Militants block civilians from leaving Aleppo as Russian military open humanitarian corridors

Residents of the besieged Syrian city of Aleppo rushed for long-awaited supplies of food and essentials on Friday, as the Russian military opened three humanitarian corridors for civilians and militants who had agreed to lay down their arms.

However the governor of Aleppo province Mohammad Marwan Olabi has told the SANA news agency that militants are blocking several dozen families from leaving the eastern areas of the city.

Three passages for people to move from the besieged part of the city to safe areas opened on Thursday.

Local residents have confirmed that it is the rebels that prevent civilians from leaving the city, despite the Syrian government’s efforts to help them do so.

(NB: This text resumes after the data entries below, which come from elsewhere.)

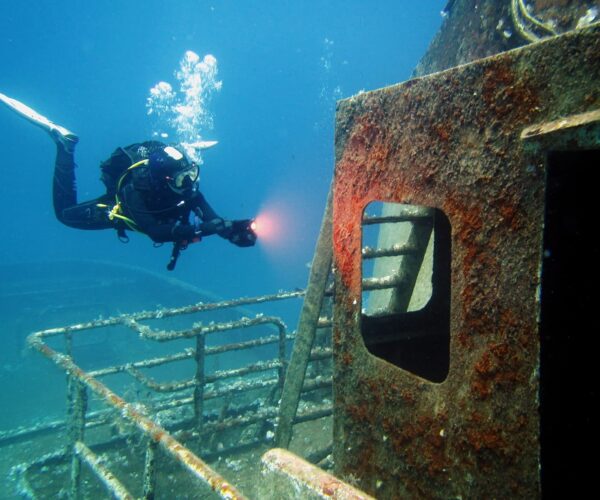 Wreck Diver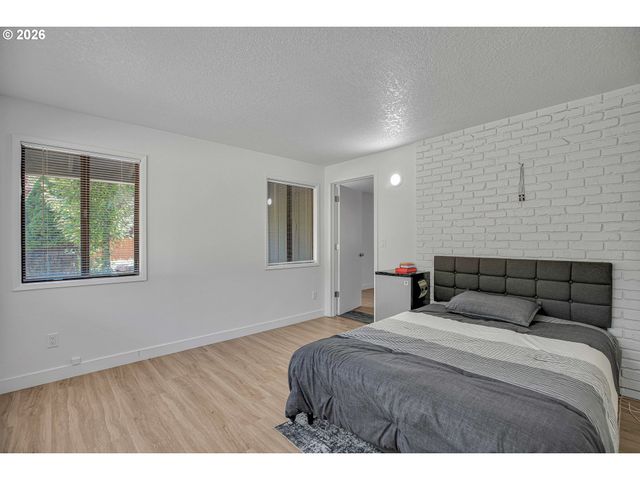 16710 Se SUNNYSIDE Rd, Clackamas, OR 97015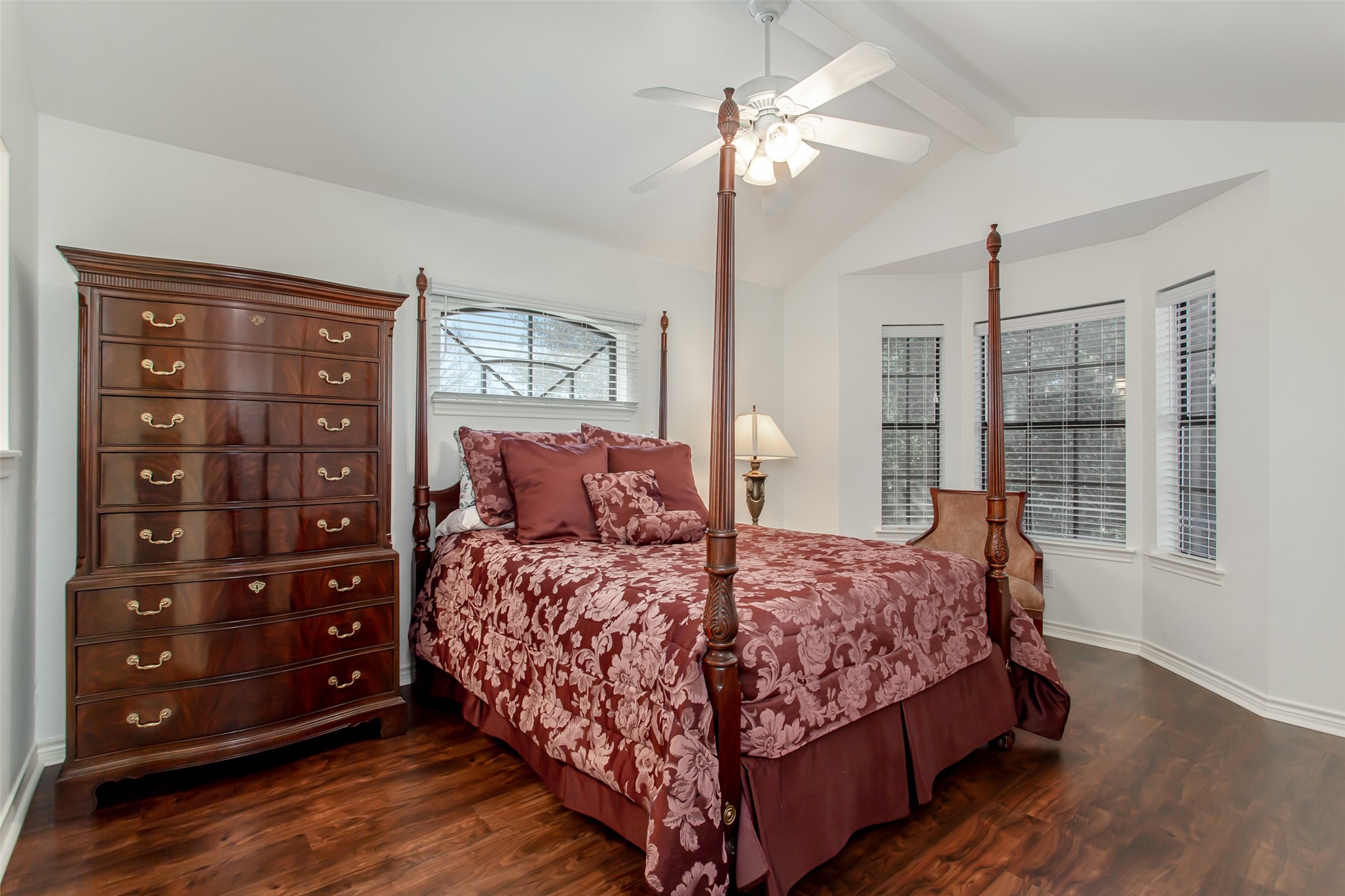 6622 Barclay Lane Garland TX 75044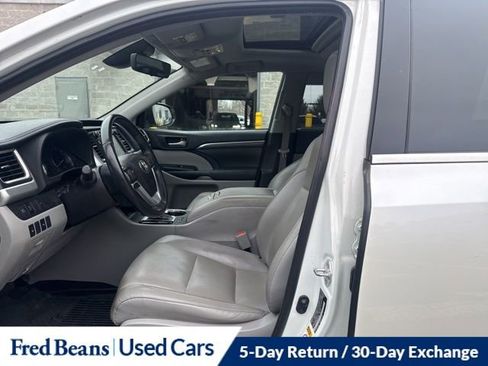 Used 2019 Toyota Highlander Limited image 19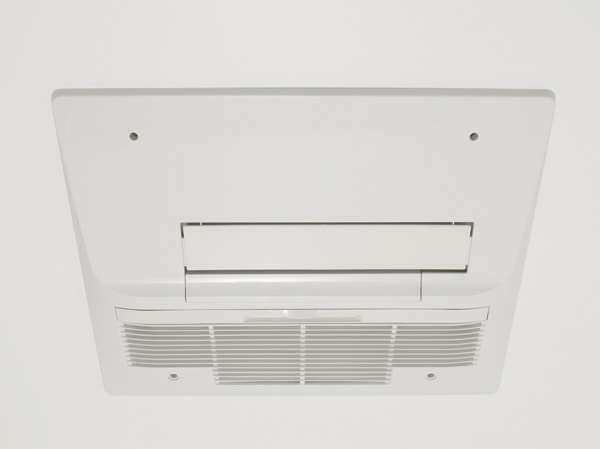 Bathing-wash room.  [TES-type bathroom heater dryer] In addition to the rainy weather of the laundry drying, Standard equipped with a convenient bathroom heating dryer also in cold season of bathing before heating. (Same specifications)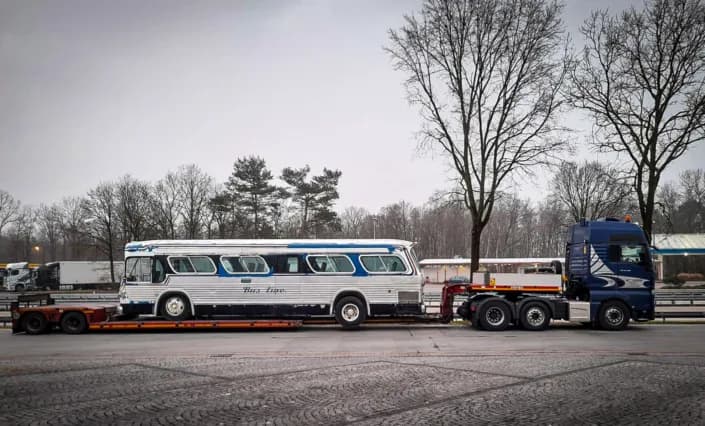 Historischer Bus auf einem Tiefbett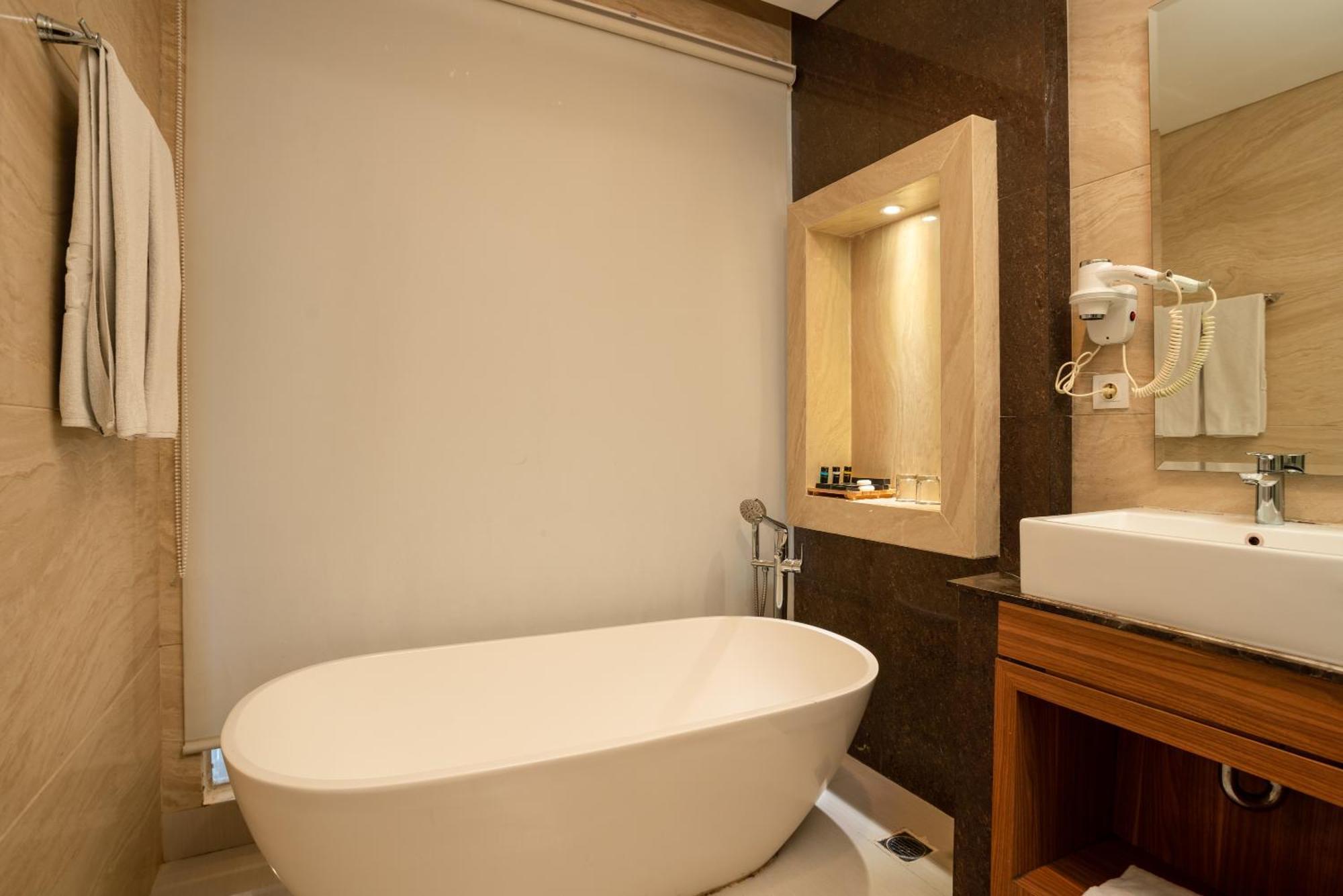 Junior Queen Suite Balcony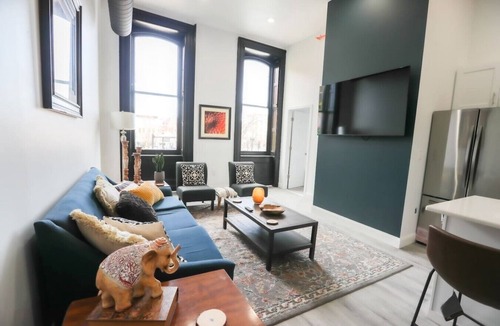 Downtown Historic District Apartment | 2A Experience Easton in Luxury: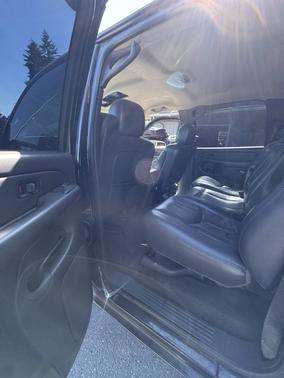 Black 2004 Chevrolet Silverado 1500 LT Crew Cab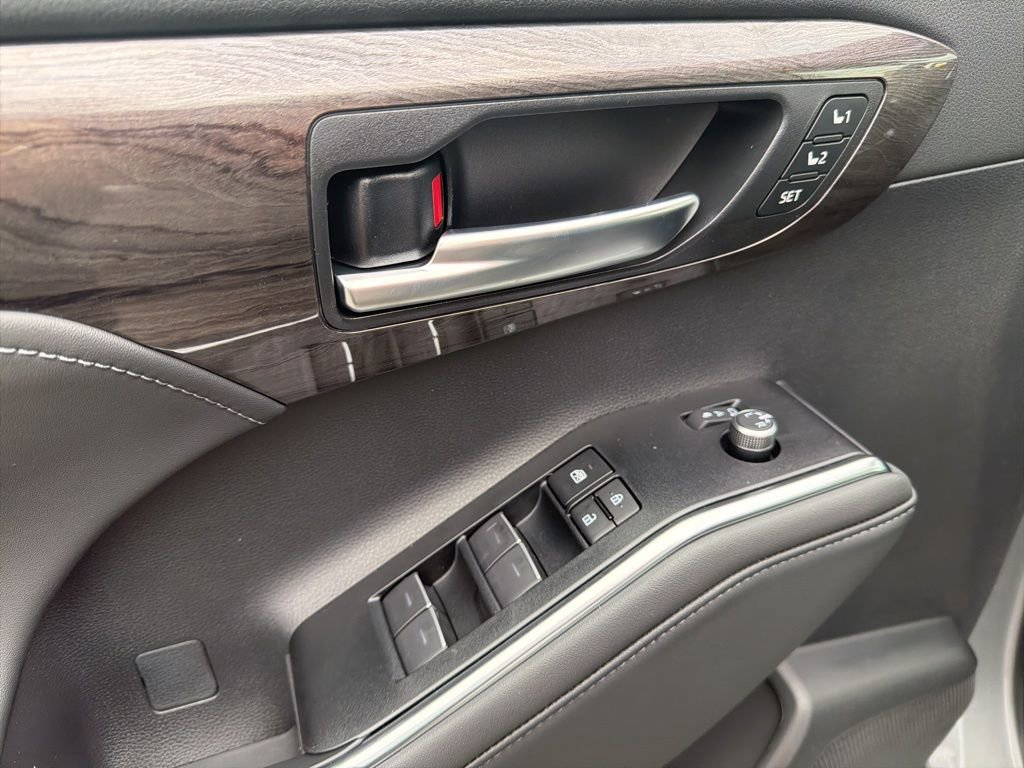 New 2026 Toyota Highlander Platinum image 10
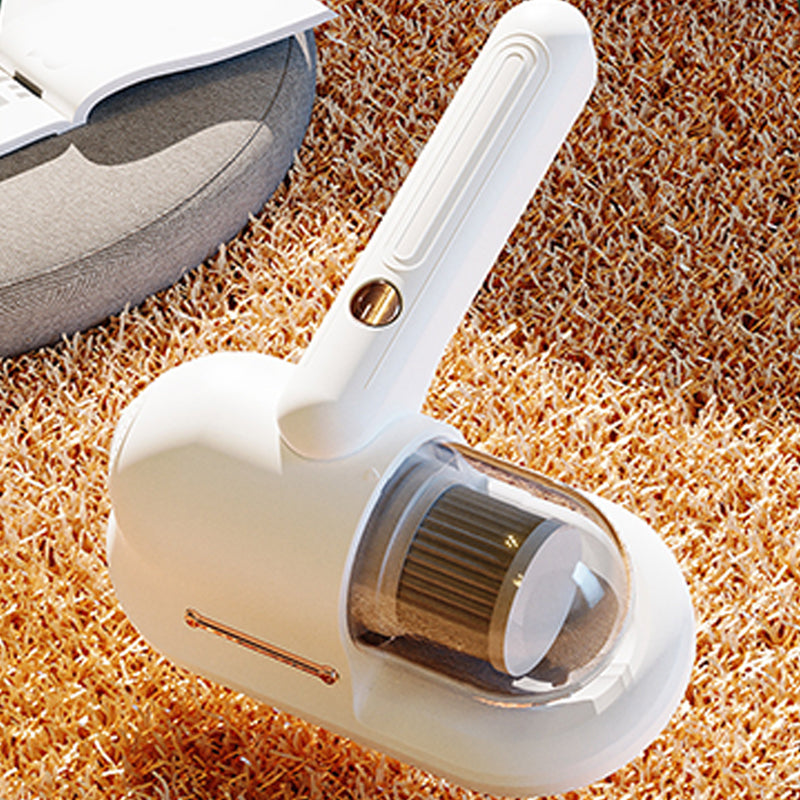 Kabelloser Handstaubsauger gegen Hausstaubmilben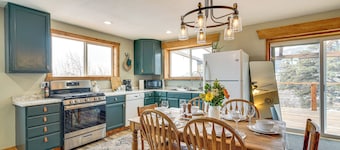 Idyllic Rye Cabin: Deck w/ Mountain Views!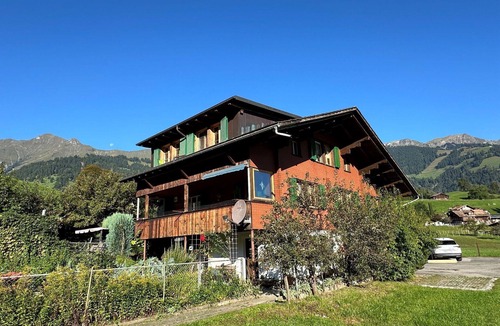 Frutigen Apartment | Nice apartment for 5 guests with TV and balcony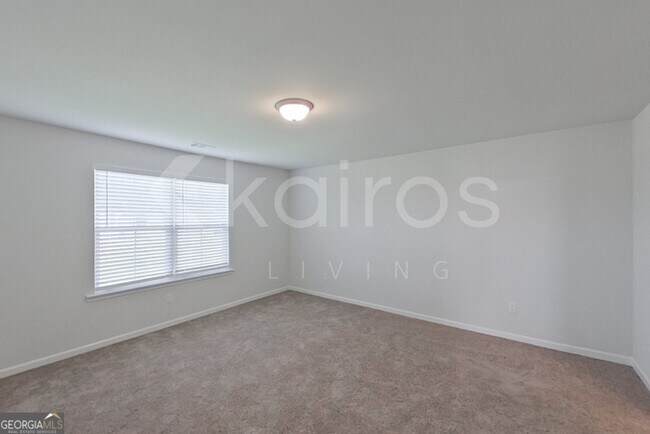 Building Photo - 137 Western Red Cedar Dr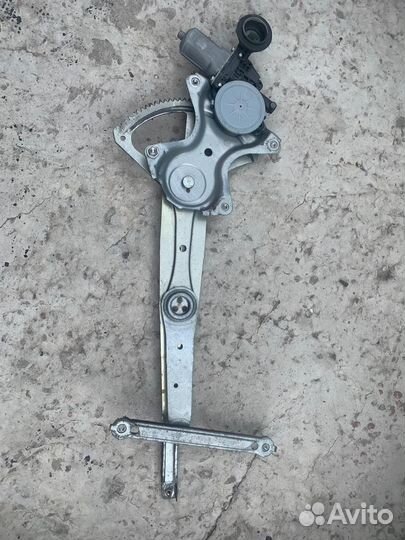 Обшивка водительской двери на Toyota auris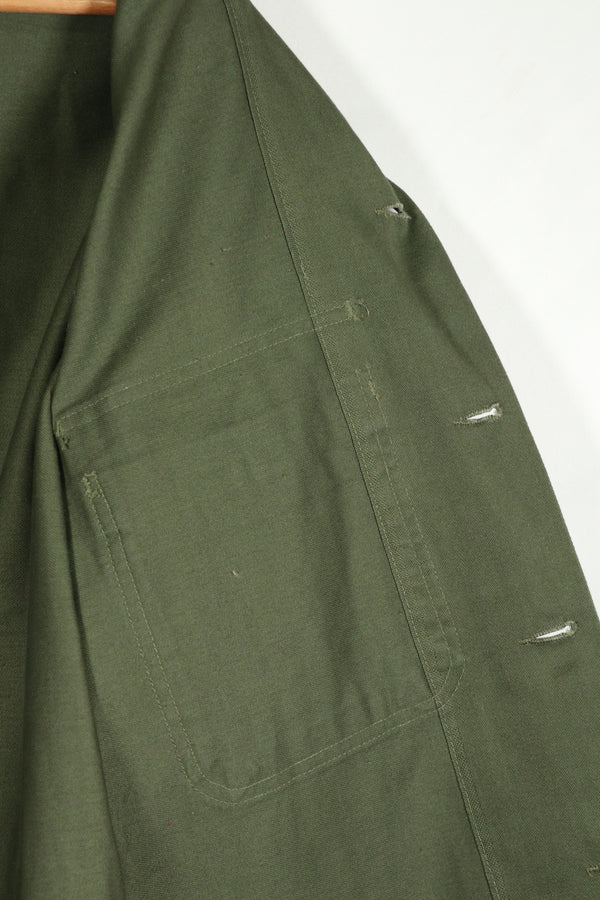 正品全新库存 OG-107 实用衬衫，民用款，M 码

“The government gave the opportunity for civilians to come here, but the rebels are not letting them; they are shooting at them. This is not acceptable. The rebels should let the civilians come here to avoid bloodshed. Those are our relatives, our people. If the civilians come here we can save the babies and the women. If the rebels want to fight they can fight, why include the civilians?” one Aleppo resident told Ruptly.

“Even though the president established those corridors, the rebels won’t let the civilians to go out,” another resident said.

The Russian reconciliation center in Syria has set up at least three checkpoints for humanitarian corridors. Syrian helicopters have been distributing leaflets which stated where exactly the local residents can get humanitarian help.

Apart from food, Aleppo residents are also receiving personal hygiene products and essentials.

According to Kirill Savin from the Russian center for reconciliation, up to 250,000 civilians may pass through these humanitarian corridors. Russia is also delivering huge amounts of flour, grains, sugar and other essentials to the people of Aleppo.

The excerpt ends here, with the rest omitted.